The new data linking team began by investigating the various data sets and working with their customers to understand their user needs. They found that their approach to data linking needed to:

  • be fast enough to link up to around 100 million records
  • have a transparent methodology that could be explained by the team, and understood by users
  • have as high accuracy as possible given data quality
  • be flexible enough to accommodate a wider variety of input data and link multiple data sets together - including data sets that needed to be both de-duplicated as well as linked

To determine an approach, the team started with desk research into data linking theory and practice, and a review of existing open source software implementations.

One of the most common theoretical approaches described in the literature is the Fellegi-Sunter model. This statistical model has a long history of application for high profile, important record linking tasks such as in the US Census Bureau and the UK Office for National Statistics (ONS). The model takes pairwise comparisons of records as an input, and outputs a match score between 0 and 1, which (loosely) can be interpreted as the likelihood of the two records being a match. Since the record comparison can be either two records from the same data set, or records from different data sets, this is applicable to both deduplication and linkage problems, including linking an arbitrary number of data sets.

An important benefit of the model is explainability. The model uses a number of parameters, each of which has an intuitive explanation that can be understood by a non-technical audience. The relative simplicity of the model also means it is easier to understand and explain how biases in linkage may occur, such as varying levels of accuracy for different ethnic groups.

Direct and generalisable comparisons of the accuracy of different approaches are rare in the literature, so it is difficult to be sure of how well the Fellegi-Sunter model performs against alternatives. Nonetheless, the team concluded that it is likely some of the more sophisticated models in the recent literature would have higher accuracy, at the expense of higher complexity, lower explainability and often longer processing times. In addition, the potential for improvement in accuracy over the Fellegi-Sunter approach was probably relatively modest.

After settling on the Fellegi-Sunter approach, the team reviewed the available free and open source software that could be used to estimate the model, concentrating on packages available in R, Python and Apache Spark - the tools which are available within the MoJ’s Analytical Platform.

The best package the team could find was the fastLink package in R, which stood out because it is accompanied by a rigorous paper written by academics at Harvard and Princeton that describes the theoretical model implemented by the package.

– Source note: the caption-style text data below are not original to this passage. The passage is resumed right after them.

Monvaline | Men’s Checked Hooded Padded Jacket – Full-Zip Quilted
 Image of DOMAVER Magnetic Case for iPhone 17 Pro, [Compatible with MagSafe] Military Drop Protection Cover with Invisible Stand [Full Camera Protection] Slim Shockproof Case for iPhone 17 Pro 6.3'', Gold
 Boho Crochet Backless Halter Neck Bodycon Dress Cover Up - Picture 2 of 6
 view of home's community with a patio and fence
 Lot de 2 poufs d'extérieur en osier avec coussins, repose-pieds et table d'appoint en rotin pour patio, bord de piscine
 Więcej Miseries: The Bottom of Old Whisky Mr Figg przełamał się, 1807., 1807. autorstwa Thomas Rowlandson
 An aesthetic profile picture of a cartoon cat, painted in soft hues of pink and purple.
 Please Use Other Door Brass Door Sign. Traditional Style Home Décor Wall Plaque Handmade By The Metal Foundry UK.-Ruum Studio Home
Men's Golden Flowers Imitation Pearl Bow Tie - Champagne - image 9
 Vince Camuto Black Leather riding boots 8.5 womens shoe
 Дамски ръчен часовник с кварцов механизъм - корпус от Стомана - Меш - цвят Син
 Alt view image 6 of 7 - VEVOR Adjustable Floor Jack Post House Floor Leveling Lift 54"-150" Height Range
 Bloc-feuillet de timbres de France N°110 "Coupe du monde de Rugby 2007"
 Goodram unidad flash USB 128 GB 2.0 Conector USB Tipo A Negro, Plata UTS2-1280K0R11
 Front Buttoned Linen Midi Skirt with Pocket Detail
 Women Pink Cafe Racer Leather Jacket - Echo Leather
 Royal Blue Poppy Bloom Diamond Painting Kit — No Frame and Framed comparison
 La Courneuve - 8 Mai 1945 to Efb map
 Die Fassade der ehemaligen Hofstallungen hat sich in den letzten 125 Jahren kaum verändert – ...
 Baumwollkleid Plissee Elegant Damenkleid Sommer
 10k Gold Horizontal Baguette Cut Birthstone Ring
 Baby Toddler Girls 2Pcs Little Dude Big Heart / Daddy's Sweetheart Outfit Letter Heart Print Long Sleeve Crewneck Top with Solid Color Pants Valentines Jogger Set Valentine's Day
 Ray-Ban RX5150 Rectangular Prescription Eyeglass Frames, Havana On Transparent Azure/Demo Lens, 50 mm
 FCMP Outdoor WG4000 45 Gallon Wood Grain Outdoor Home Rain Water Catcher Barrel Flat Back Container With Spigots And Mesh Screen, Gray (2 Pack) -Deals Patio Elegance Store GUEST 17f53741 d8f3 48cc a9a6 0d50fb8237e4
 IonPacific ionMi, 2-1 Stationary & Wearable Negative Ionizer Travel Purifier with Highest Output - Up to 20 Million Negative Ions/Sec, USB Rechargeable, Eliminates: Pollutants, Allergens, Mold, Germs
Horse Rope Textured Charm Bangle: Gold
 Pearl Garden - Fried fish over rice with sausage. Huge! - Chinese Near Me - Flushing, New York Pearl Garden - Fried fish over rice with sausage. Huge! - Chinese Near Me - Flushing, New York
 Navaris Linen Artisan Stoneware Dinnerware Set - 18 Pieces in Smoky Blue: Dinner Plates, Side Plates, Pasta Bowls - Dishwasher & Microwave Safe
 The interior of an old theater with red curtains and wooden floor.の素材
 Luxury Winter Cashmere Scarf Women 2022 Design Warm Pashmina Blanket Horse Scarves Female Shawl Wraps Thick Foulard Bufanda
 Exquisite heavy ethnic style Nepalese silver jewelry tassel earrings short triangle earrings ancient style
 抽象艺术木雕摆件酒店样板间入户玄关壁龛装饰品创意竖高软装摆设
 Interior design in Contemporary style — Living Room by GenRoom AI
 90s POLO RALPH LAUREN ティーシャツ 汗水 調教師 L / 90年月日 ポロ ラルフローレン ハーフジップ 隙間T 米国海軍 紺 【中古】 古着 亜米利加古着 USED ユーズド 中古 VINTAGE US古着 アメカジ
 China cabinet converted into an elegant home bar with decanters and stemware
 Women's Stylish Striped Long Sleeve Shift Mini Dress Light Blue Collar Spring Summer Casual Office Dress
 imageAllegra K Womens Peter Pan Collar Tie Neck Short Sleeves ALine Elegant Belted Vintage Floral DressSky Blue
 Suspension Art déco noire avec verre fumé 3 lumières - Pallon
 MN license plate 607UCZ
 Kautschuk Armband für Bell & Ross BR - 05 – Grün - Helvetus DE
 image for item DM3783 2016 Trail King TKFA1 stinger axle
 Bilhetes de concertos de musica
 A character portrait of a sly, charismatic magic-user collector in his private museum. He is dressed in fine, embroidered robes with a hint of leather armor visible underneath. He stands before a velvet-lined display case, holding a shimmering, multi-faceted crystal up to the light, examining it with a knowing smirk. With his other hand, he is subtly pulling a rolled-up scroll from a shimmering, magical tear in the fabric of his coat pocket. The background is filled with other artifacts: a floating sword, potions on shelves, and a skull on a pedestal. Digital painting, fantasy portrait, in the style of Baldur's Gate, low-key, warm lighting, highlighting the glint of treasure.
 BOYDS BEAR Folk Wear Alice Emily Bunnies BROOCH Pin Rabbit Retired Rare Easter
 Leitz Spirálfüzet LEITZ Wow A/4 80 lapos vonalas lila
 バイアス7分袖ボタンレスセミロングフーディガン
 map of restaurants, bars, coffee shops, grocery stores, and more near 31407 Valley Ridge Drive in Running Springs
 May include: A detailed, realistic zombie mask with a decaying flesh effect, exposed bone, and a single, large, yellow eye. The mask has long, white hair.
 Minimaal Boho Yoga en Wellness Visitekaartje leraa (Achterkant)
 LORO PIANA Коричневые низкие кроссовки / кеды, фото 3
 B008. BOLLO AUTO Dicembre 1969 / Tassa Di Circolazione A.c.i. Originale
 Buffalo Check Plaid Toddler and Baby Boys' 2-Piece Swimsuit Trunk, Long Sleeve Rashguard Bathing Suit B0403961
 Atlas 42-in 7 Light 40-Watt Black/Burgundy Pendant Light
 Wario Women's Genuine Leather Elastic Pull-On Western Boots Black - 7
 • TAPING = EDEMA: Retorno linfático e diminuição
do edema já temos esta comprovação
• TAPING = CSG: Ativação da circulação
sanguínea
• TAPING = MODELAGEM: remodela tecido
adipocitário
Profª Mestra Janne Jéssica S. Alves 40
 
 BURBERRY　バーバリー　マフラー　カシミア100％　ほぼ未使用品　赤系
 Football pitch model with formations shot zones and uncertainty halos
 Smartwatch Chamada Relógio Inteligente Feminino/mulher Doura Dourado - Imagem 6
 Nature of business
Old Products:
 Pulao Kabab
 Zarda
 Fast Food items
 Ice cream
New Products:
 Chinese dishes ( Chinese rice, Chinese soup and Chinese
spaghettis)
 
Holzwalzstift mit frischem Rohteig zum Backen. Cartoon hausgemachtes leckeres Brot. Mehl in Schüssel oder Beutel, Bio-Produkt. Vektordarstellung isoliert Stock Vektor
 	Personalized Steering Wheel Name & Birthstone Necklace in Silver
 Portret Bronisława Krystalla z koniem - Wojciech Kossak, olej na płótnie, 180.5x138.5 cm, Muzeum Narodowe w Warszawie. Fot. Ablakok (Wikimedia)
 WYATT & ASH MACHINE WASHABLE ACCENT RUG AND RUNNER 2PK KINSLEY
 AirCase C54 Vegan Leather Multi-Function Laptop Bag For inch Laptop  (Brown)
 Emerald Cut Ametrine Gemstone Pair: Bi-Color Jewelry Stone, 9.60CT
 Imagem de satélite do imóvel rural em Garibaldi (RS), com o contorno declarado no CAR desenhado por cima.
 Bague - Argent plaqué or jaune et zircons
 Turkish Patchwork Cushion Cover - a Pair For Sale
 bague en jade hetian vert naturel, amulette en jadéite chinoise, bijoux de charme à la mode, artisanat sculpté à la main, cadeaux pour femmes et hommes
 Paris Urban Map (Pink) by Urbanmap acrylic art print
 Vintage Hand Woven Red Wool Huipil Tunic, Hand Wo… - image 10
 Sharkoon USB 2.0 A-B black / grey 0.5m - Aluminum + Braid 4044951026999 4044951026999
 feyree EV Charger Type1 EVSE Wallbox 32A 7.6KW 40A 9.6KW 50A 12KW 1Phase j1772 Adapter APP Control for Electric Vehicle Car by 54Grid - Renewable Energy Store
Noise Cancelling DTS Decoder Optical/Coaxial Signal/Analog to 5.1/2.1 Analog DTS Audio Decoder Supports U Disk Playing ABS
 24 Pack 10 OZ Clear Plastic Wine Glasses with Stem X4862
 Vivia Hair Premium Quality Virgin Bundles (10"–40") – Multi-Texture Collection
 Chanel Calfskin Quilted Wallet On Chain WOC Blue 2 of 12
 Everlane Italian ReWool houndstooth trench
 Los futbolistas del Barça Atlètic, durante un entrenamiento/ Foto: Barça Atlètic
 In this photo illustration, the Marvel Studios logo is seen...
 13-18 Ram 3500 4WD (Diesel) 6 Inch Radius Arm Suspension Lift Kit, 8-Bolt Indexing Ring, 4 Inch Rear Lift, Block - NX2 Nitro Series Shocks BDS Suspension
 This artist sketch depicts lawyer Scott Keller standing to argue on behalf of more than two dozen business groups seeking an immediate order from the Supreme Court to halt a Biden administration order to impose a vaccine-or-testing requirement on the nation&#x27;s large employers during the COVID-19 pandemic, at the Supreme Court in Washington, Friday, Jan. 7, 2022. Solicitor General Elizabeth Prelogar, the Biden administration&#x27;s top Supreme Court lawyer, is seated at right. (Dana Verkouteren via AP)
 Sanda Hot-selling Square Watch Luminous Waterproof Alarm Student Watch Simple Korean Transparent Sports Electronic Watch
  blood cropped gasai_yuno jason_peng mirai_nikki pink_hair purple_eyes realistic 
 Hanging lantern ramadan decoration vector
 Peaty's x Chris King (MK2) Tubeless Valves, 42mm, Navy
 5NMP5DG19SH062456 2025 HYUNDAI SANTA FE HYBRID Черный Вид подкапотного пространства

This paper also assesses its performance against alternatives available in Python and R. The following figure (Figure 3 in the fastLink paper) illustrates these comparisons:

Figure 1: Comparison of linkage packages

This figure shows that fastLink lives up to its name, with substantially faster performance on large data sets than alternatives in Python and R. However, it is also clear that it is not fast enough to perform record linkage on data sets amounting to millions of records.

After reading the paper and fastLink’s source code, the MoJ’s data linking team realised the problem is well suited to distributed computing frameworks like Apache Spark which are able to parallelise calculations across multiple computers. This would enable the approach to be applied to linking problems involving millions, and possibly billions, of records. The team therefore set about developing a record linking package called Splink.

Splink is a PySpark package that implements the Fellegi-Sunter model of record linking, and enables parameters to be estimated using the Expectation Maximisation algorithm.

The package is fully open source and can be found on GitHub. It is accompanied by a set of interactive demos to illustrate its functionality, whereby users can run real record linking jobs in their web browser.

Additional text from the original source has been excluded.